Information Passed Out of Container
Very frequently a running container must pass some information back to the user. A container generating a random password or token for accessing services within a container is a typical example.
To do this, you can provide a list of output parameters when you define an application. Values for these output parameters can then be set by the container when it runs. Setting the values of output parameters can be done most easily via the Nuvla Python client API. See below for details.
Uploading Containers
Nuvla can use any image that has been uploaded to any Docker repository. By default, Nuvla expects Docker Hub. If you have an account on Docker Hub, you can create an organisation to hold your “repositories”, each of which holds multiple tagged versions of an image.
The process is straightforward:
- Use the
docker login
command to log into the Docker Hub. - Build your image with
docker build
. - Tag for image with
docker tag
, providing a tag name. - Upload the image with
docker push
.
At this point, the image will be visible in the Docker Hub and can then be used from Nuvla.
If your Docker image is protected by a username/password, just create a Docker Registry credential and reference these credentials in the app. Nuvla will then use these credentials on behalf of the user when deploying the protected Docker images.
To use this API you must ensure that your customised image contains Python (2.7+ or 3.x).
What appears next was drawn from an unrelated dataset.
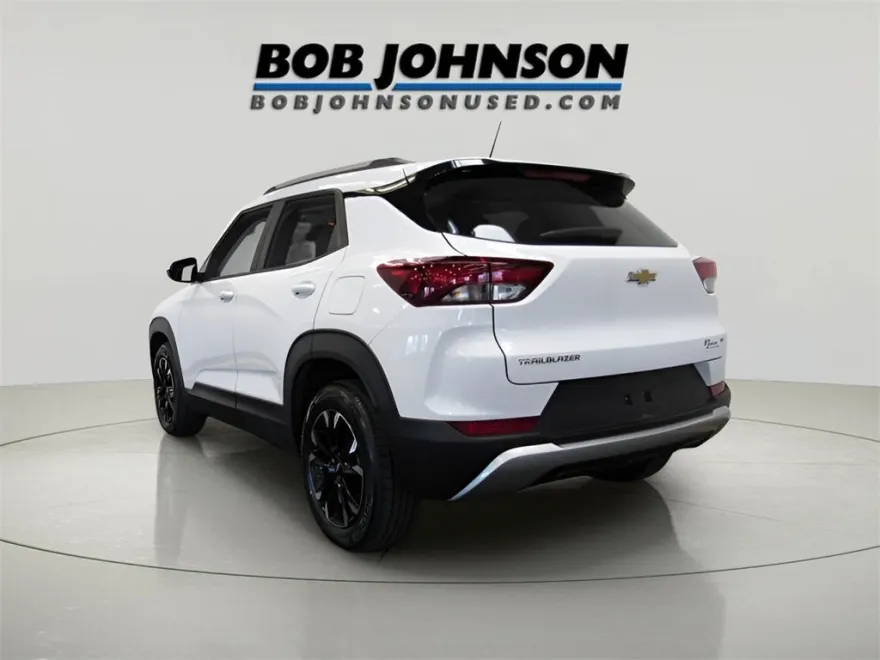 2023 Chevrolet Trailblazer LT photo 1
You can then install the Nuvla Python API with
the command pip install nuvla-api
.
Customised Jupyter Notebook
The Jupyter notebook demo contains the following customisations:
-
Installation of Python,
pip
, and the Nuvla Python API. -
Accessing of the deployment resource to recover detailed information about referenced
data-record
resources. -
Generating a token to protect the deployed notebook and passing this information back to the user through an output parameter.
We will show how each of these customisations are accomplished in the
Dockerfile
and in a Python script added to the container.
The Dockerfile
used to generate the customised Jupyter Notebook
is duplicated below:
FROM sixsq/gssc-sepp:latest
RUN apt-get update && apt-get install -y python python-pip
RUN pip install nuvla-api
ADD link-data.py /root/link-data.py
RUN chmod a+x /root/link-data.py
ADD start-service.sh /root/start-service.sh
RUN chmod a+x /root/start-service.sh
ENTRYPOINT ["/root/start-service.sh"]
This Dockerfile
is short and straightforward. It:
-
Installs Python,
pip
, and the Nuvla Python API, -
Adds a Python script (
link-data.py
) that organises the referenced data objects, and -
Adds a script (
start-service.sh
) that replaces the entry point of the parent image.
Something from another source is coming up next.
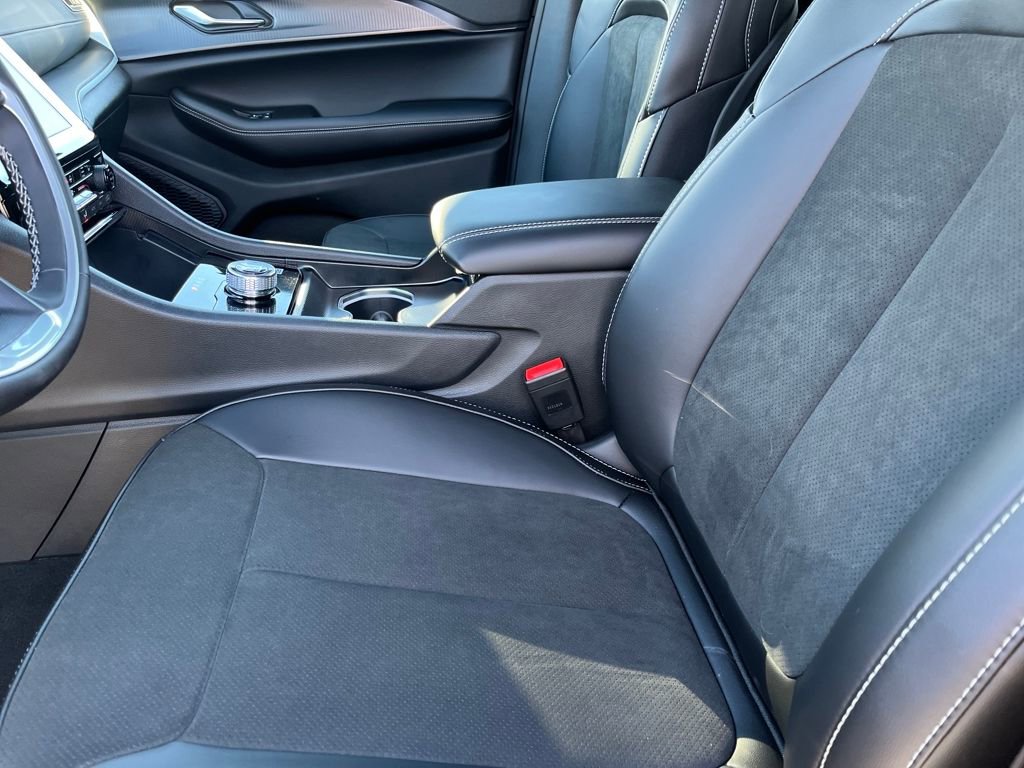 New 2025 Jeep Grand Cherokee Altitude image 16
All the detailed changes are encapsulated in the two included scripts.
The simpler of the two scripts is start-service.sh
. The contents are shown below:
#!/bin/bash -xe
# create links for requested data objects
/root/link-data.py
token=$(cat /root/token.txt)
# start service in the foreground with logging to console
cd /gssc
jupyter lab --ip=0.0.0.0 --allow-root --no-browser --NotebookApp.token=$token
This script calls the link-data.py
script, recovers the generated
token to access the notebook, and then starts Jupyter Notebook using
this token.
The slightly more complicated script link-data.py
is duplicated
below:
#!/usr/bin/env python
import sys
import os
import random
import string
import uuid
from nuvla.api import Api
deployment_params_filter="deployment/href='{}' and name='{}'"
#
# Read the configuration from the environment.
#
endpoint = os.getenv('NUVLA_ENDPOINT')
api_key = os.getenv('NUVLA_API_KEY')
api_secret = os.getenv('NUVLA_API_SECRET')
deployment_id = os.getenv('NUVLA_DEPLOYMENT_ID')
#
# Ensure complete environment or bail out.
#
if (endpoint is None or
api_key is None or
api_secret is None or
deployment_id is None):
print("missing required configuration information; skipping data link configuration...")
sys.exit()
#
# Setup the Nuvla API.
#
api = Api(endpoint=endpoint, insecure=True)
api.login_apikey(api_key, api_secret)
# Recover deployment information.
deployment = api.get(deployment_id)
try:
data_records = deployment.data['data-records']
except KeyError:
data_records = {}
#
# setup directories for object links
#
buckets_base_path = '/mnt/'
if not os.path.exists(buckets_base_path):
os.makedirs(buckets_base_path)
data_path='/gssc/data/nuvla/'
if not os.path.exists(data_path):
os.makedirs(data_path)
#
# mount the buckets containing the requested objects
#
for dr in data_records.keys():
dr_doc = api.get(dr)
dr_bucket = dr_doc.data['data:bucket']
dr_object = dr_doc.data['data:object']
dr_mission = dr_doc.data['gnss:mission']
bucket_mount_point = buckets_base_path + dr_bucket
if not os.path.exists(bucket_mount_point):
os.makedirs(bucket_mount_point)
data_directory = data_path + dr_mission
if not os.path.exists(data_directory):
os.makedirs(data_directory)
os.system('ln -s {0}/{1} {4}{3}/{2}__{1}'.format(bucket_mount_point, dr_object, dr_bucket, dr_mission, data_path))
#
# generate token for jupyter
#
token=''.join(random.choice(string.ascii_lowercase + string.digits) for _ in range(24))
token_file = open('/root/token.txt', 'w')
token_file.write(token)
token_file.close()
def from_data_uuid(text):
class NullNameSpace:
bytes = b''
return str(uuid.uuid3(NullNameSpace, text))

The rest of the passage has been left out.